Resurrection of Christ and the Redemption of Culture
It is important to note, however, that what Christ did through his death and resurrection has a bearing not just on us as individual human beings in terms of our personal redemption, but on the whole history of the human race. It introduces an entirely new epoch of human history. In the same way that the gospel transforms individual human beings, so it also transforms cultures. The world looks entirely different today than it would have looked if Christ had never come. Even with all of the imperfections and inconsistencies, which are all too evident even within historically Christian cultures, the world is an immeasurably better place—a more humane and civilized place—because of the impact of the gospel.
It’s true that there has been a general decline of Christian influence throughout the West in recent decades—as witnessed by the acceptance of child-murder via abortion, the norming of sexually deviant behavior, and other social ills—but we expect a revival of Christian thought and ethics in our culture as a consequence of an even greater impact of the gospel still to come.
The Resurrection of Christ and the Redemption of the Cosmos
Even beyond the personal and cultural impact of Christ’s redemptive work, we understand that what he did through his death and resurrection has a bearing upon the entire creation.
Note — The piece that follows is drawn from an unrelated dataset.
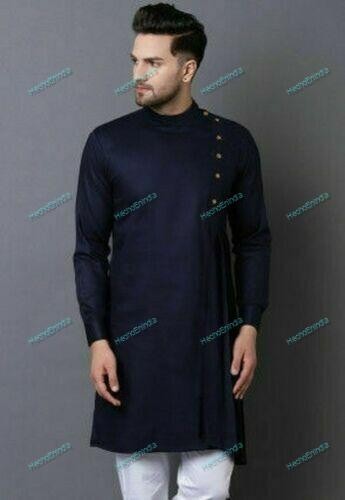 Mens Kurta only Cotton Mens Shirt Long Sleeve Kurta Loose Smart Kurta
For the creation waits with eager longing for the revealing of the sons of God. For the creation was subjected to futility, not willingly, but because of him who subjected it, in hope that the creation itself will be set free from its bondage to corruption and obtain the freedom of the glory of the children of God. For we know that the whole creation has been groaning together in the pains of childbirth until now (Rom. 8:19-22)
Paul speaks here of the redemption of nature, the lifting of the curse that presently burdens all creation (Gen. 3:14-19). The prophet Isaiah speaks of the time when the curse will be lifted, when he says,
The wolf shall dwell with the lamb,
and the leopard shall lie down with the young goat,
And the calf and the lion and the fattened calf together;
and a little child shall lead them.
The cow and the bear shall graze;
their young shall lie down together;
and the lion shall eat straw like the ox.
The nursing child shall play over the hole of the cobra,
and a weaned child shall put his hand on the adder’s den.
The shall not hurt or destroy
in all my holy mountain;
For the earth shall be full of the knowledge of the Lord
as the waters cover the sea (Isa. 11:6-9)
All of this lies behind what Paul says in Colossians, where he writes that God has been pleased through Christ to reconcile to himself all things, whether on earth or in heaven (Col 1:20).
Yes, our Lord was raised on the third day after his crucifixion, but it was also the first day of a new creation.